Agile code

Tony Bowden: Understanding Nothing: Writing Agile Code

The issue of ‘agile code’ has been occupying a lot of my spare cycles recently. I think its way more important to an agile process than is made out. Sure the XP books talk about OAOO and refactoring, but somehow the sheer importance of quality code seems to get forgotten on a lot of agile projects. Agile processes target difficult projects and trust in the teams’ ability to respond to changes and adapt to fluid situations. If your code isn’t agile, it won’t matter a damn how flexible your process is. Ask yourself in how many places your codebase would have to change if you swapped out your persistence layer. I’m not just talking about changing DB vendor, how about switching to flat files, or XML, or Prevayler. How many packages, classes, methods would be affected? How many tacit assumptions are in the code about how other bits of it work? Having agile code should mean that huge chunks could be replaced without having to touch the rest of it.

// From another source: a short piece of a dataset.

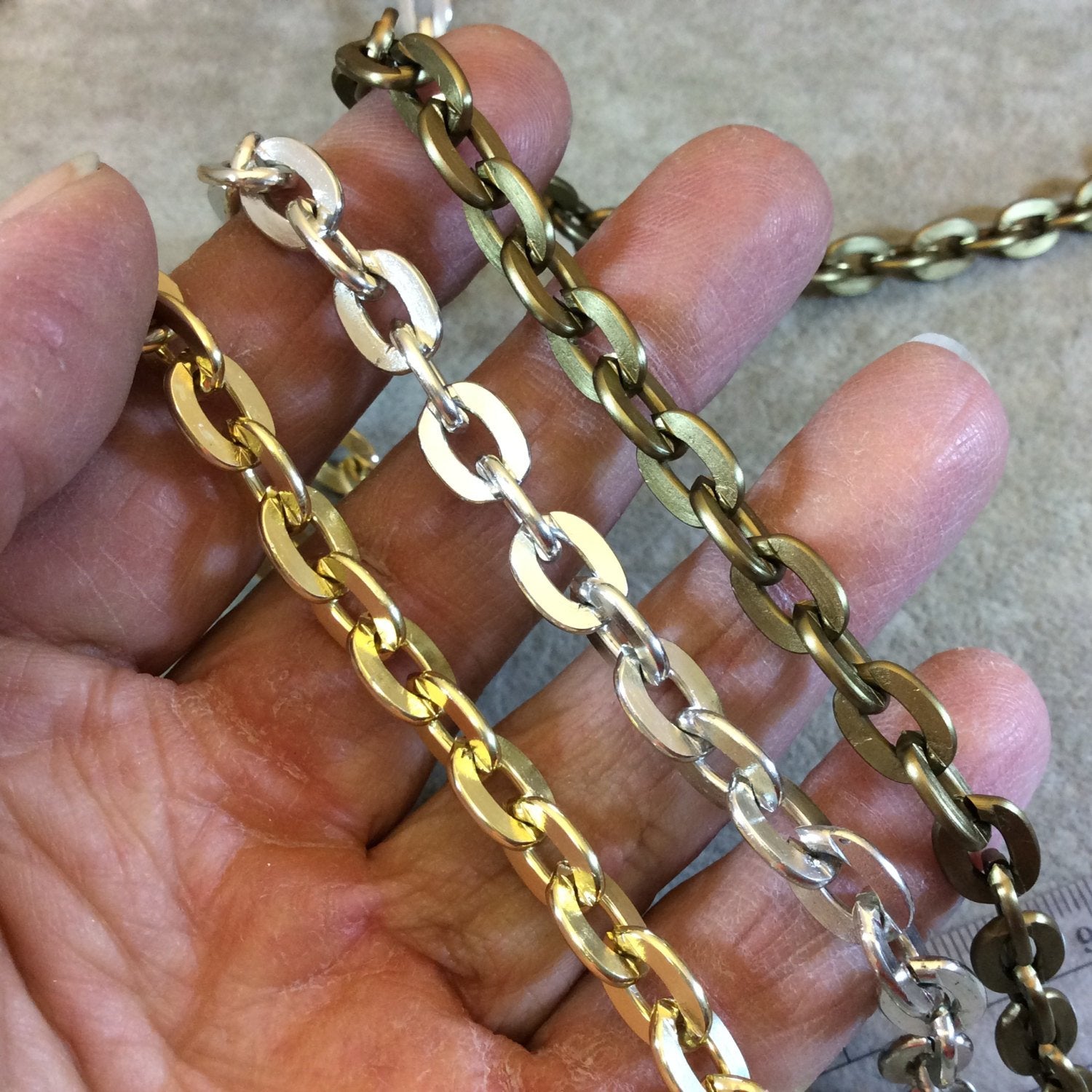 A1443 FULL SPOOL - Bronze Plated Aluminum Thick Flat Oval Alternating Link Cable Chain with 7mm x 10mm Links - Three Finishes Available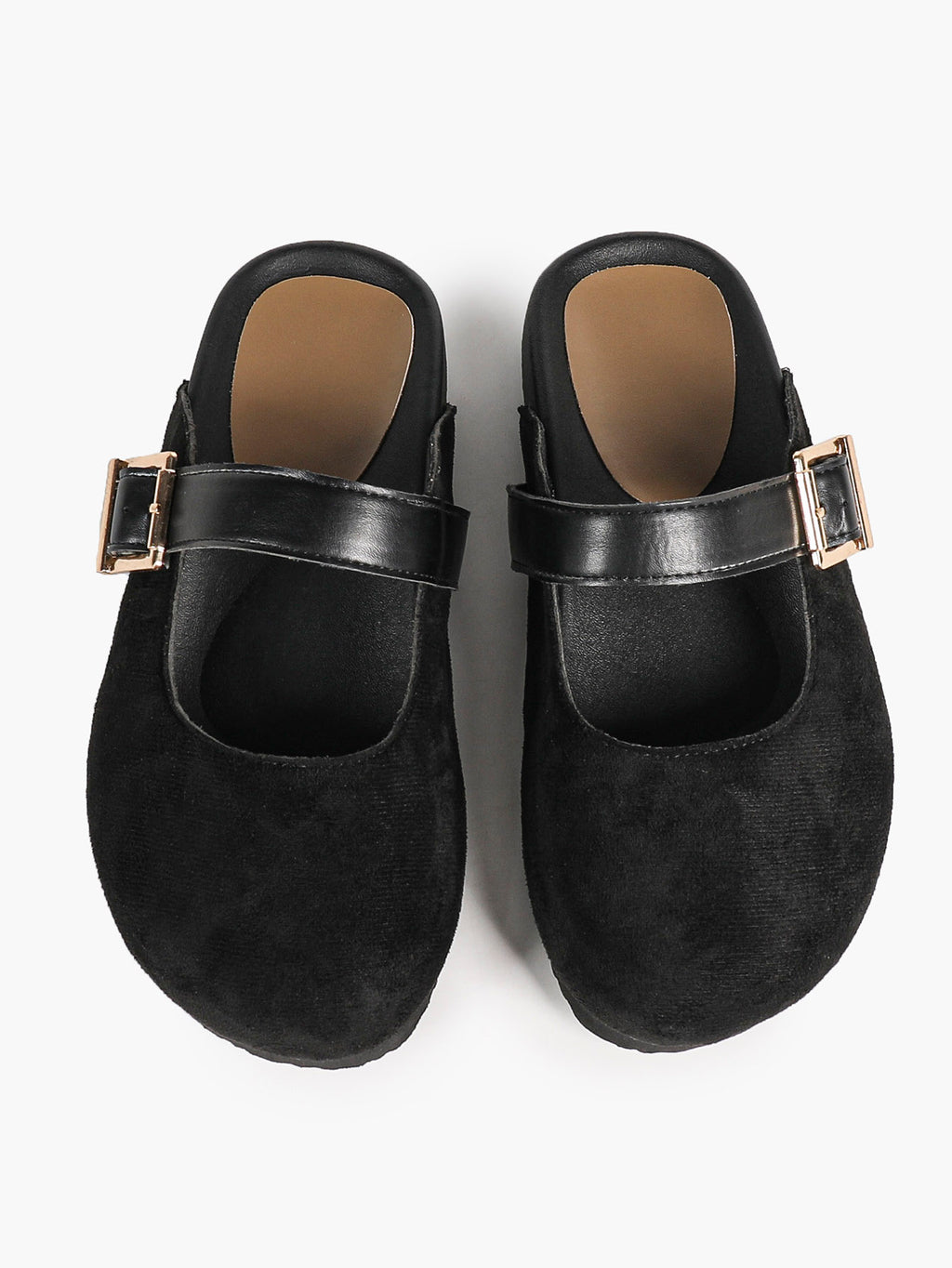Black Suede Mary Jane Mule with Gold-Tone Buckle and Cushioned Sole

XP talks about discipline. An agile codebase must be far more disciplined than a non-agile one. It has to be able to change in unforseen directions as the project demands. This requires a level of quality that is frequently underestimated.

Inheritance Sucks!

Not really, of course, its just very easy to misuse, and used way too much. I’m talking about object inheritance (‘extends‘) here. Object inheritance should only be used to override behaviour, not state. If the only reason a class extends another is to get all its fields, that’s the wrong thing to do. That’s what object composition is for. If you want a one to one mapping to another class, include it as a field and add delegators for its public methods to your interface. In IntelliJ there’s even a menu option for it. What about polymorphism you cry? Thats what interface inheritance is for. If you need to be able to polymorphically pass your composed object to methods that expect your contained object, implement a common interface and make your methods accept that instead. Your code will be cleaner, more modular and (most importantly) less coupled. The title of this post should probably have been ‘Coupling Sucks’. Extending a class binds you to it far more tightly than wrapping it as a field. And working through interfaces makes testing a snap. Just plug your testcase in, or a full-fledged mockobject, although I rarely need a full Mock when I can just write MyTestCase extends TestCase implements Foo, Bar, Baz {...} and make the assertions directly based on which methods were called and in what sequence.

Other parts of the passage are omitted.